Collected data
----------
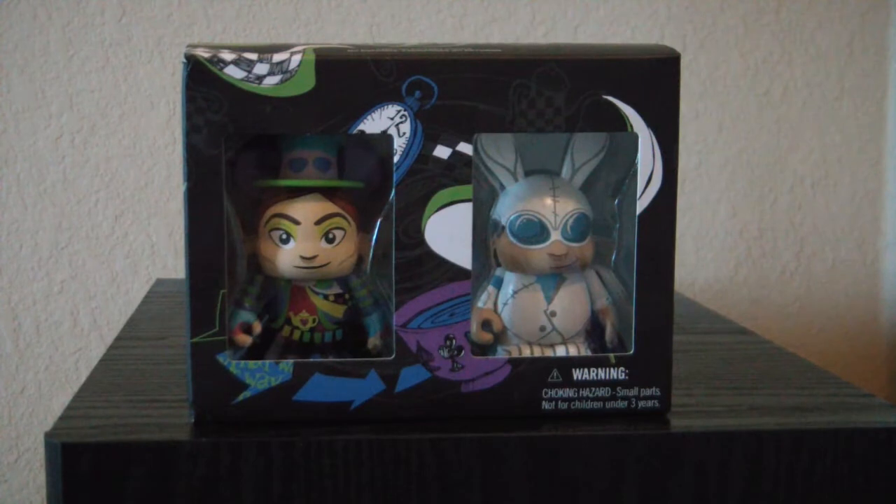Hello, everyone. Today we're looking at the Mad Tea Party Vinylmation set. I got this at Disneyland California Adventure. I didn't see it a whole lot of places, so if you want it, you may have to look around for it.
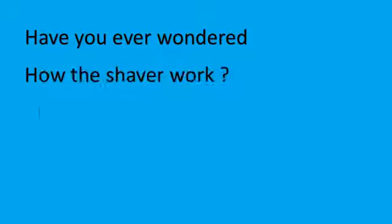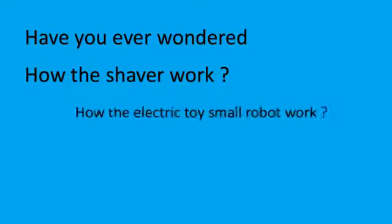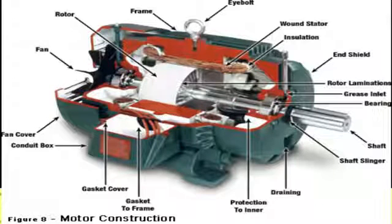Construction and Working of DC Motor. Have you ever wondered how the electric shaver works? How electric toys like small robots and toy cars work? The answer to all these questions is the DC Motor. A DC Motor is the device that converts DC electrical energy into mechanical energy. In order to understand the working of a DC Motor, we have first explained the construction and assembly of a DC Motor.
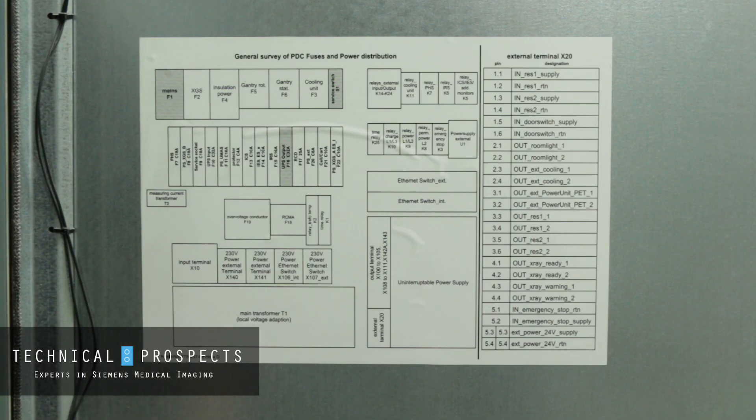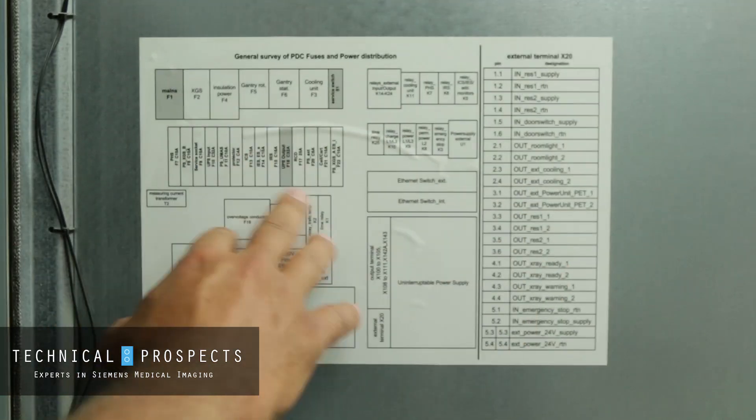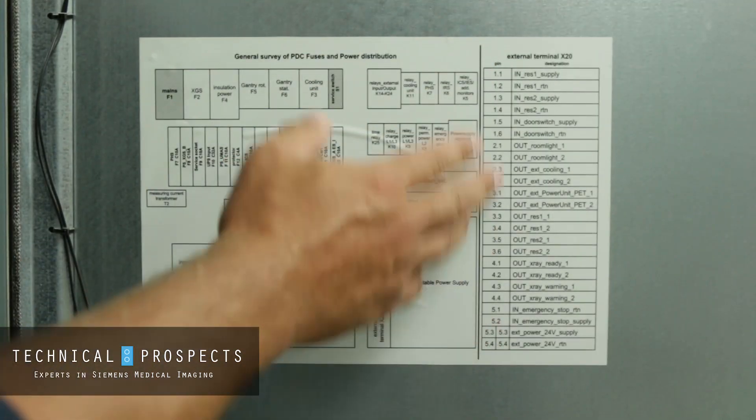Now that you have your system with the computer system only running and the gantry in the process of being shut down, to safely service it, it's time to figure out what breakers you need to have off. One good tip to know is inside the PDC — the power distribution cabinet door — there's a chart that shows what each breaker does, where they're located in the room, and the explanation of the signal names.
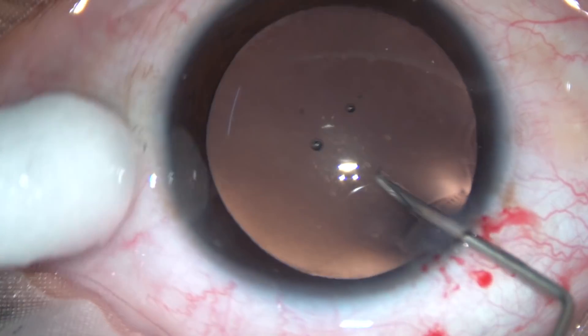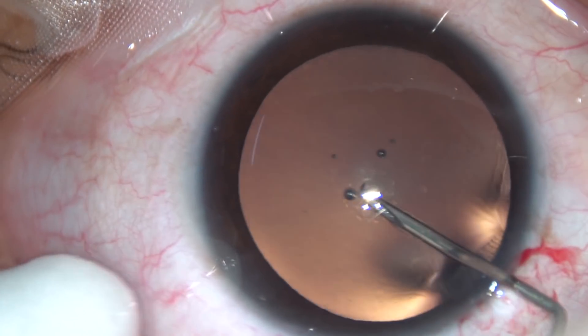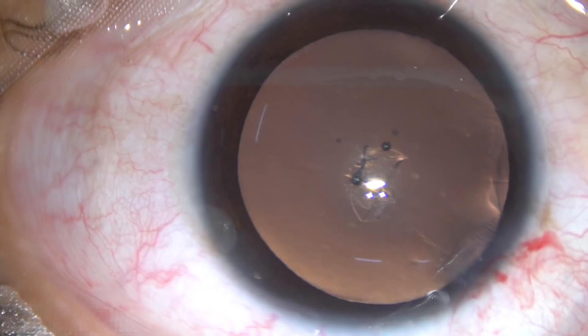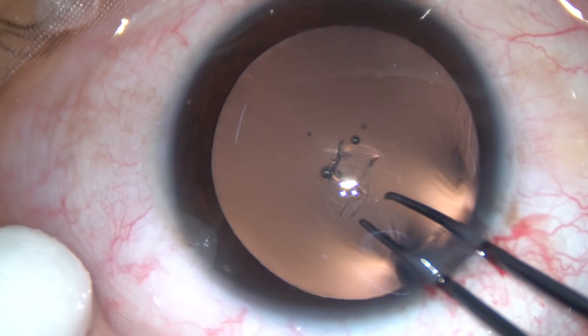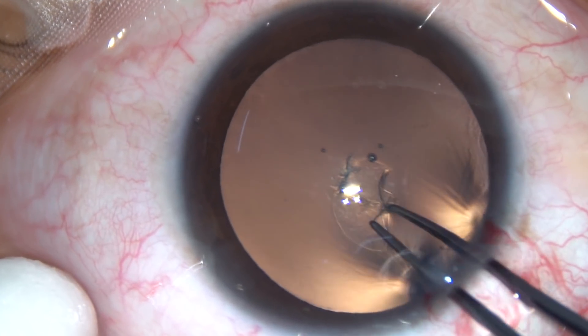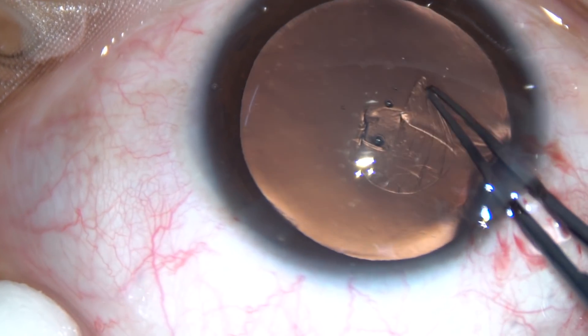Now, capsulorhexis. The capsule is incised with a 26-gauge bent needle. I then use the Utrata forceps to hold this capsular tag and go anticlockwise.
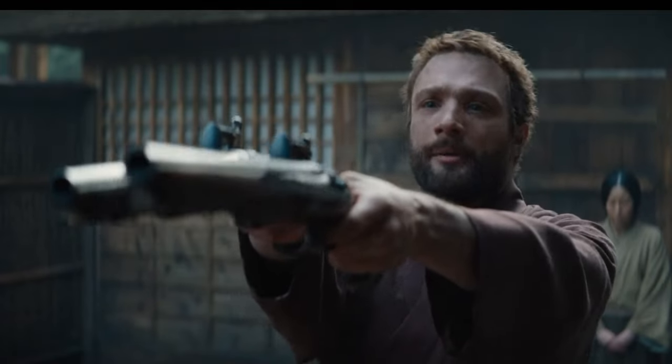Just like lots of you out there, I am massively looking forward to watching Shogun. But they've got something massively wrong already.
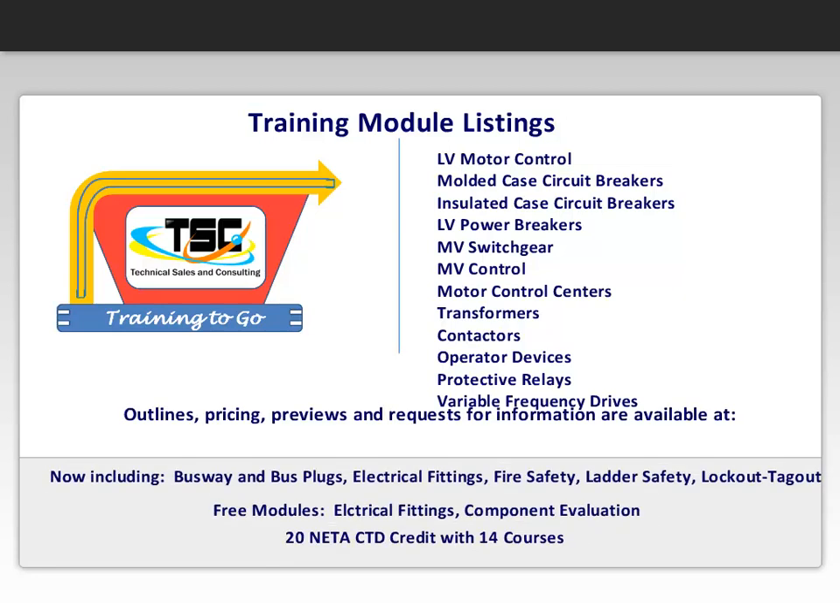Outlines, pricing, previews, and requests for information are available at tsnc.com/e-learning. Let our Training2Go programs train your people while you run your business.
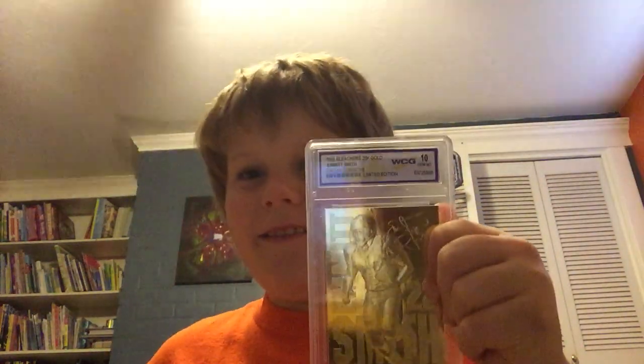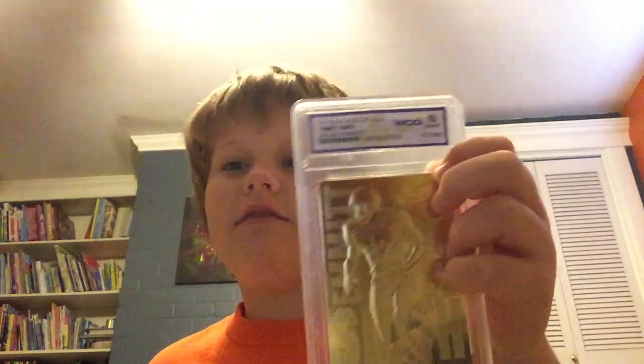Hello everybody, my name is Lil, and today I will be showing you a gold football card — and I mean real gold. It is a 23 karat gold Emmitt Smith card, and I got this as a birthday present. It was October 7th. Do you think this is real gold?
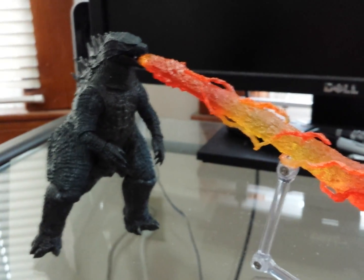So there he is. Not bad. Looks better on the Godzilla 2000, but I just wanted to show you guys that.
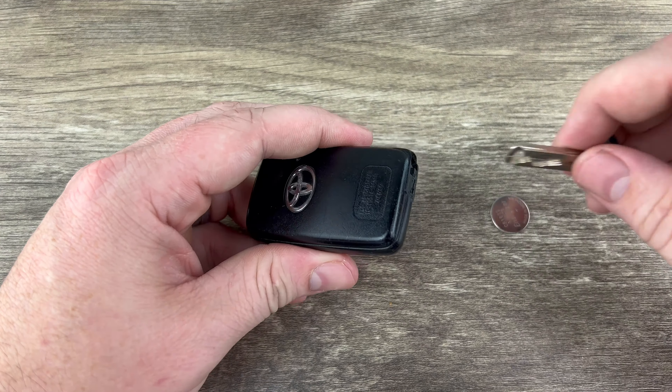Now we'll grab our new battery and we want to make sure that we're installing that with the plus side up. Go ahead and snap that into place, and then make sure that your circuit board is sitting in that rubber piece. If any of your buttons moved as you took it apart, make sure that stuff's all sitting back where it needs to be, and then you can snap the two halves of the shell back together.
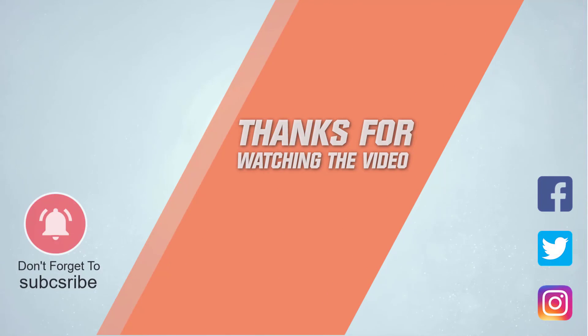For more details, click the link in the description. Thanks for watching the video.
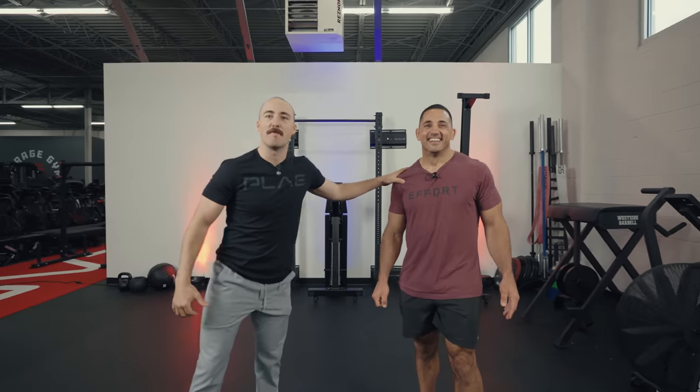Hey guys, it's Coop from Garage Gym Reviews and today we have Jason Kalipa, CrossFit Games Champion, founder of NC Fit.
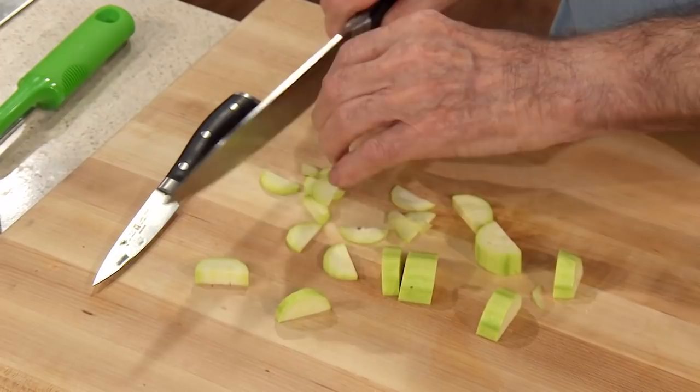Proper knife techniques are essential, and I'm not a genius. Some people learn a little bit faster than others, but anyone who does that type of practice can do that within a few weeks or whatever. And it does take some of the drudgery out of cooking if you have good knife skills.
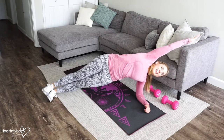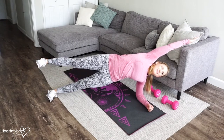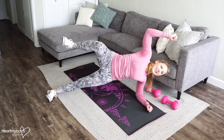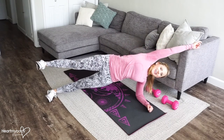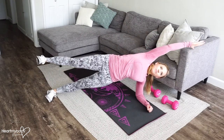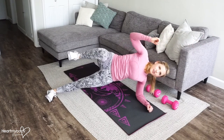Arm up and over your head. We'll lift our top leg up, we'll bring our knee and our elbow together, holding your side plank as your arm and leg move. Inhale out, exhale in.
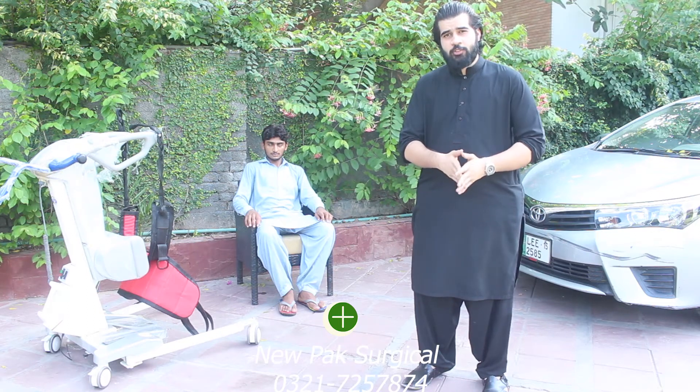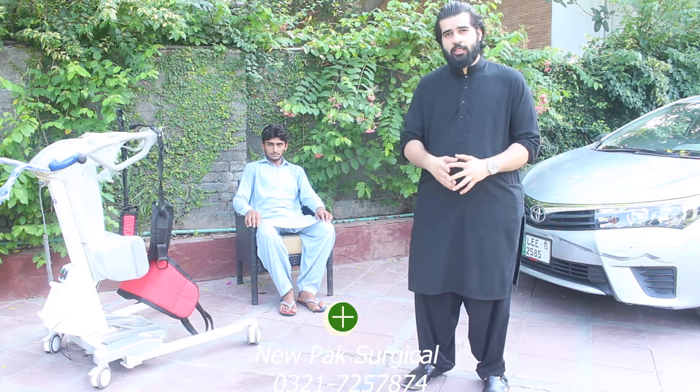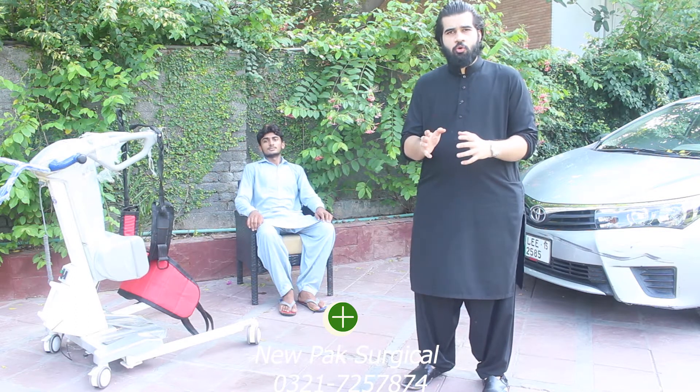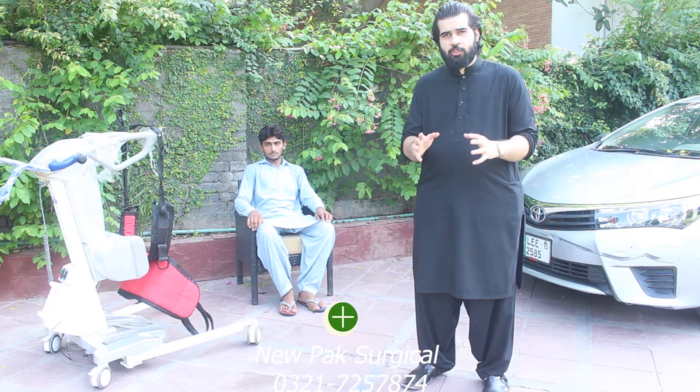Hello, my name is Abbas. I am from New Park Surgicals. Today we have a patient lifter. There were many queries online about whether we can use this patient lifter to transfer the patient to the car. There are other questions that I will answer today.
----------
Task:
Repeat the lines of the records verbatim, starting at the line containing "Arm up and over" and stopping after the final line. Images stay out.

Response to this exercise:
Arm up and over your head. We'll lift our top leg up, we'll bring our knee and our elbow together, holding your side plank as your arm and leg move. Inhale out, exhale in.
Hello, my name is Abbas. I am from New Park Surgicals. Today we have a patient lifter. There were many queries online about whether we can use this patient lifter to transfer the patient to the car. There are other questions that I will answer today.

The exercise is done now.